At that point, Liberty Lobby and legion-IHR had still not agreed on a bankruptcy payment plan. While Liberty Lobby tried to avoid paying the judgment debt, the courts slowly shut down its avenues of escape. Each month that Liberty Lobby filed a financial report brought the day of reckoning closer. Finally, on June 11, 1999, the United States trustee petitioned for appointment of a special Chapter Eleven trustee to take over Liberty Lobby’s day-to-day finances. According to the motion, the shell game of moving money from one entity to another had not been properly reported. “This prevents creditors from having sufficient financial information to make an informed decision in voting on the plan,” according to the trustee’s motion.

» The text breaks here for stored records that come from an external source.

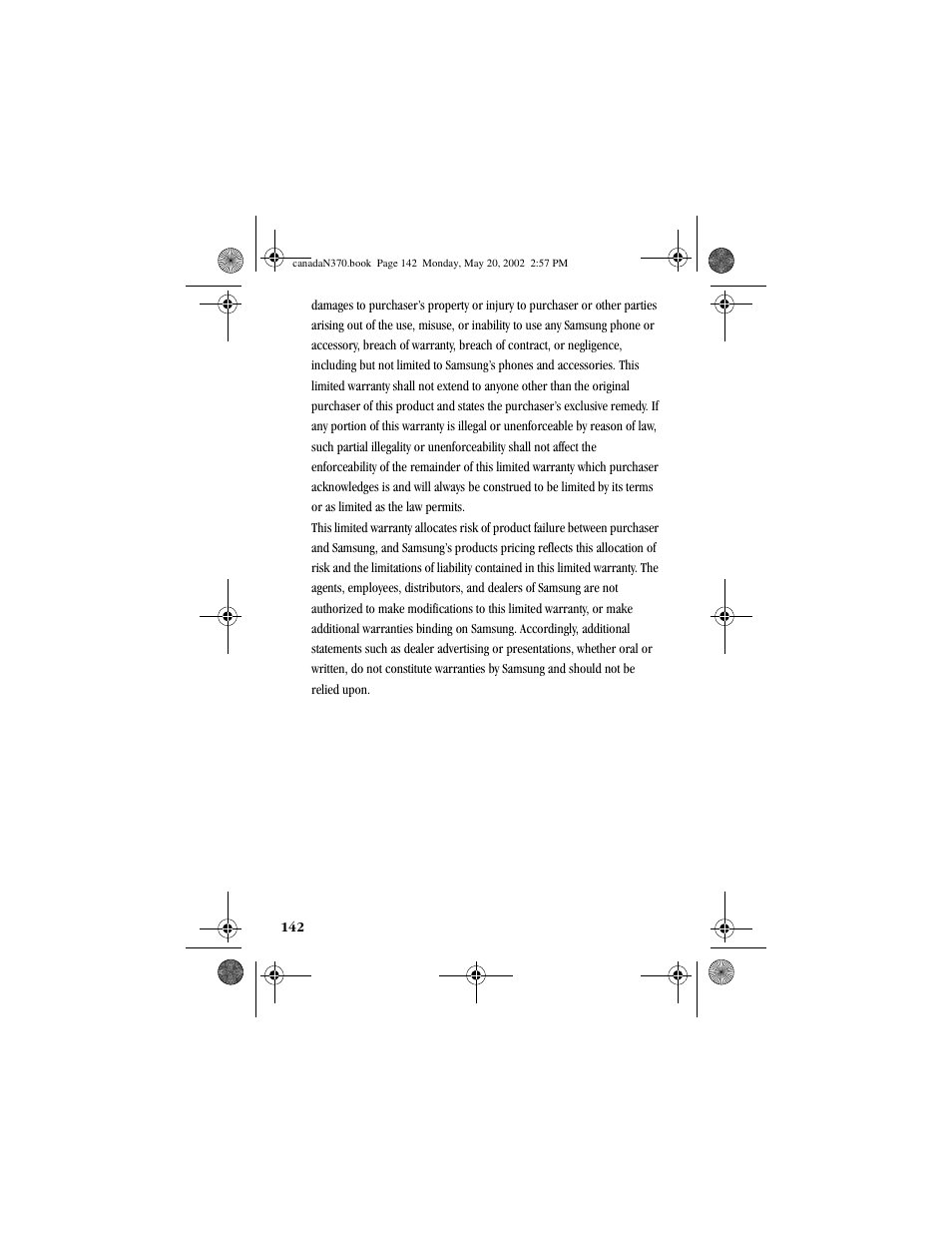 Samsung 20040414141622906 User Manual | Page 142 / 152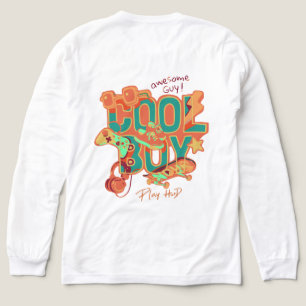 Coola Boy Typography med vissa ikoner i Hobby T Shirt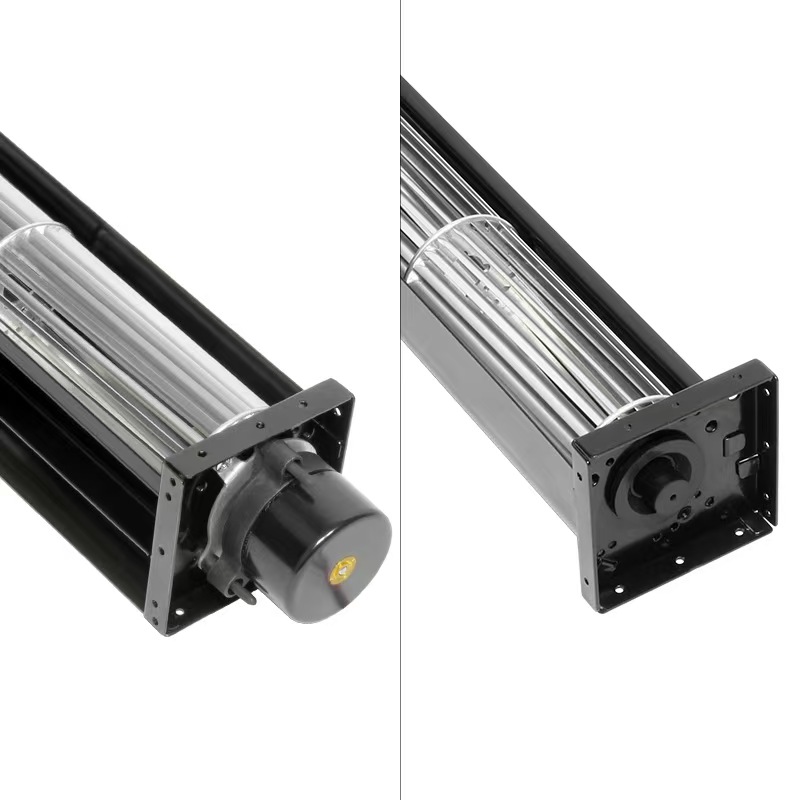 High-Volume Silent HY-40DC Cross-Flow Fan DC Motor Tangential Air Curtain Industrial Use DC12V/24V Aluminum Alloy 1 Year
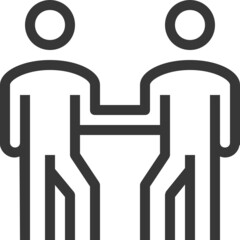 hand shake line icon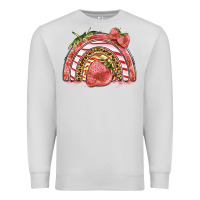 Dove Grey strawberry rainbow Premium Sweatshirt - BarkalooDesign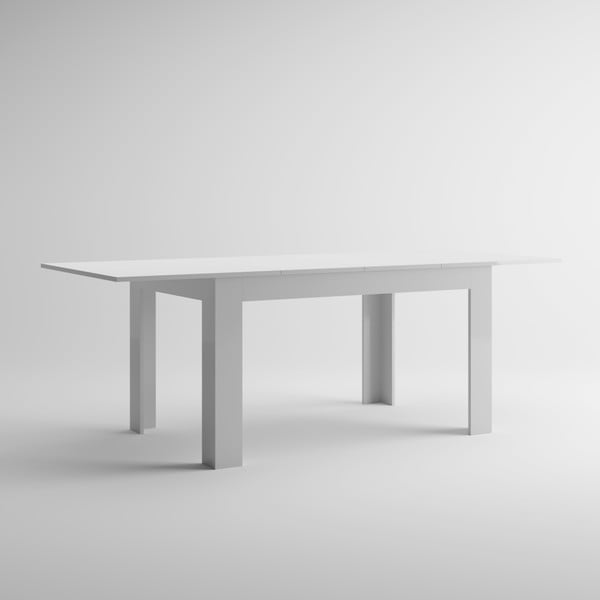 Biały stół rozkładany MobiliFiver Easy, dł. 140-220 cm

And the debtor’s conduct “raises serious questions concerning the veracity of the information” already reported.
9

Judge Teel called the hearing in Room 24 on July 2 to resolve the matter. The long road appeared (although appearances can be deceiving) to
have come to an abrupt end. Once again Liberty Lobby asked for a delay, as its bankruptcy attorney tried to withdraw from the case. The request was denied. Liberty Lobby’s attorney then argued against appointment of a special trustee. He acknowledged that the relationships between the various corporate entities might not be “pure.” Still, his clients did not want an outsider looking at their books. In any case, he said, the bookkeeping bungling did not constitute fraud.
10

The counterargument belonged to legion-IHR, whose attorneys aimed at demonstrating fraud in Liberty Lobby’s finances. If the judge concurred, the appointment of a special Chapter Eleven trustee was virtually guaranteed. Collecting the Farrel estate millions would presumably be one step closer. IHR’s first witness was Todd Blodgett, the advertising huckster who negotiated the sale of Resistance Records to William Pierce. Blodgett told the court that he had sold advertising for
The Spotlight
, bought and sold mailing lists, and raised funds from large contributors. He worked both in-house, he said, and at his own agency up on Connecticut Avenue. He testified that Carto directed large donors to make their checks payable to the Foundation for Economic Liberty or the Foundation to Defend the First Amendment, rather than to Liberty Lobby. Both were nonprofit corporations, and donations were tax-deductible, according to the IRS. Some donors also received advertising space in
The Spotlight
for their supposed tax-deductible contributions, Blodgett said.